## [Assignment]
Transcribe the data that follows. Match it character for character.

## [Excerpts from a dataset]
- - - - -
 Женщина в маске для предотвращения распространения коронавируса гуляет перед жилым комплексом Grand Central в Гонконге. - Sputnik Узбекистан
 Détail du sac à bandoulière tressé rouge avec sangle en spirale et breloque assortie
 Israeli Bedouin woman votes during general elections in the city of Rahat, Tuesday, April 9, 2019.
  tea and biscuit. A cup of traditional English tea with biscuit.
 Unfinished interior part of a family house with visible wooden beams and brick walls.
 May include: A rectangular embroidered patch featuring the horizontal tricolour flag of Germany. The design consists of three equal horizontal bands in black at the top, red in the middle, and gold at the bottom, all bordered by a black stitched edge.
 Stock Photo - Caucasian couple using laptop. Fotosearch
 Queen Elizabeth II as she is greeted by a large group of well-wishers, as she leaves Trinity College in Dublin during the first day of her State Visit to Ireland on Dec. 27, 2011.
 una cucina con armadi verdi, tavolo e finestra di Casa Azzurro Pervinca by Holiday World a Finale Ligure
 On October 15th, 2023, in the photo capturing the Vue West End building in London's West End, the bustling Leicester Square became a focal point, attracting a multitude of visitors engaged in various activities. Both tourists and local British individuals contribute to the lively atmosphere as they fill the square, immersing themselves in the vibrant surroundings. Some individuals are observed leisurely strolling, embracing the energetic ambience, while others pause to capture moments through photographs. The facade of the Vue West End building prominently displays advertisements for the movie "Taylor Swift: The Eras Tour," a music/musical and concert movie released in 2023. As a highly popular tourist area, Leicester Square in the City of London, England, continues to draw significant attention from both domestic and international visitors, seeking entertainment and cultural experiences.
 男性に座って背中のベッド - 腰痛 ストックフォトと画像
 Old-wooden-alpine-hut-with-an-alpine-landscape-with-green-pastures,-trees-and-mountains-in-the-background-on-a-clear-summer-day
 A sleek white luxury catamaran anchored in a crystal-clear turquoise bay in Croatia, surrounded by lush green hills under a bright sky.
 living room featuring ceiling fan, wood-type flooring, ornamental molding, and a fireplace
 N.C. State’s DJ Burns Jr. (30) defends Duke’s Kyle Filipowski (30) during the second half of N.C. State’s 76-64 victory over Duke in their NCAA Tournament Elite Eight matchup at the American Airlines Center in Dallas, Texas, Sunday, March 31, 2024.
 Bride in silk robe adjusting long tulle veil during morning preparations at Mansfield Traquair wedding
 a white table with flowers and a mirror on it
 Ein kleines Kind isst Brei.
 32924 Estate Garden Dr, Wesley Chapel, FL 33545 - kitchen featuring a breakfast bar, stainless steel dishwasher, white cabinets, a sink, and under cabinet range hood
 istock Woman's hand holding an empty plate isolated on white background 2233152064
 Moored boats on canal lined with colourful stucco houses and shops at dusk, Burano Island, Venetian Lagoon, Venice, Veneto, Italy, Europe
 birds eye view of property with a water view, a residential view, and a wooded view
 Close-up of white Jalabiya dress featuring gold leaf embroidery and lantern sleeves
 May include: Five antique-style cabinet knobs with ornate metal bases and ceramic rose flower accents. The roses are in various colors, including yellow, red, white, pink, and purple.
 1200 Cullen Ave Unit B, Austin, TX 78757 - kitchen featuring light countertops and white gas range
- - - - -
## [Answer section]
 Женщина в маске для предотвращения распространения коронавируса гуляет перед жилым комплексом Grand Central в Гонконге. - Sputnik Узбекистан
 Détail du sac à bandoulière tressé rouge avec sangle en spirale et breloque assortie
 Israeli Bedouin woman votes during general elections in the city of Rahat, Tuesday, April 9, 2019.
  tea and biscuit. A cup of traditional English tea with biscuit.
 Unfinished interior part of a family house with visible wooden beams and brick walls.
 May include: A rectangular embroidered patch featuring the horizontal tricolour flag of Germany. The design consists of three equal horizontal bands in black at the top, red in the middle, and gold at the bottom, all bordered by a black stitched edge.
 Stock Photo - Caucasian couple using laptop. Fotosearch
 Queen Elizabeth II as she is greeted by a large group of well-wishers, as she leaves Trinity College in Dublin during the first day of her State Visit to Ireland on Dec. 27, 2011.
 una cucina con armadi verdi, tavolo e finestra di Casa Azzurro Pervinca by Holiday World a Finale Ligure
 On October 15th, 2023, in the photo capturing the Vue West End building in London's West End, the bustling Leicester Square became a focal point, attracting a multitude of visitors engaged in various activities. Both tourists and local British individuals contribute to the lively atmosphere as they fill the square, immersing themselves in the vibrant surroundings. Some individuals are observed leisurely strolling, embracing the energetic ambience, while others pause to capture moments through photographs. The facade of the Vue West End building prominently displays advertisements for the movie "Taylor Swift: The Eras Tour," a music/musical and concert movie released in 2023. As a highly popular tourist area, Leicester Square in the City of London, England, continues to draw significant attention from both domestic and international visitors, seeking entertainment and cultural experiences.
 男性に座って背中のベッド - 腰痛 ストックフォトと画像
 Old-wooden-alpine-hut-with-an-alpine-landscape-with-green-pastures,-trees-and-mountains-in-the-background-on-a-clear-summer-day
 A sleek white luxury catamaran anchored in a crystal-clear turquoise bay in Croatia, surrounded by lush green hills under a bright sky.
 living room featuring ceiling fan, wood-type flooring, ornamental molding, and a fireplace
 N.C. State’s DJ Burns Jr. (30) defends Duke’s Kyle Filipowski (30) during the second half of N.C. State’s 76-64 victory over Duke in their NCAA Tournament Elite Eight matchup at the American Airlines Center in Dallas, Texas, Sunday, March 31, 2024.
 Bride in silk robe adjusting long tulle veil during morning preparations at Mansfield Traquair wedding
 a white table with flowers and a mirror on it
 Ein kleines Kind isst Brei.
 32924 Estate Garden Dr, Wesley Chapel, FL 33545 - kitchen featuring a breakfast bar, stainless steel dishwasher, white cabinets, a sink, and under cabinet range hood
 istock Woman's hand holding an empty plate isolated on white background 2233152064
 Moored boats on canal lined with colourful stucco houses and shops at dusk, Burano Island, Venetian Lagoon, Venice, Veneto, Italy, Europe
 birds eye view of property with a water view, a residential view, and a wooded view
 Close-up of white Jalabiya dress featuring gold leaf embroidery and lantern sleeves
 May include: Five antique-style cabinet knobs with ornate metal bases and ceramic rose flower accents. The roses are in various colors, including yellow, red, white, pink, and purple.
 1200 Cullen Ave Unit B, Austin, TX 78757 - kitchen featuring light countertops and white gas range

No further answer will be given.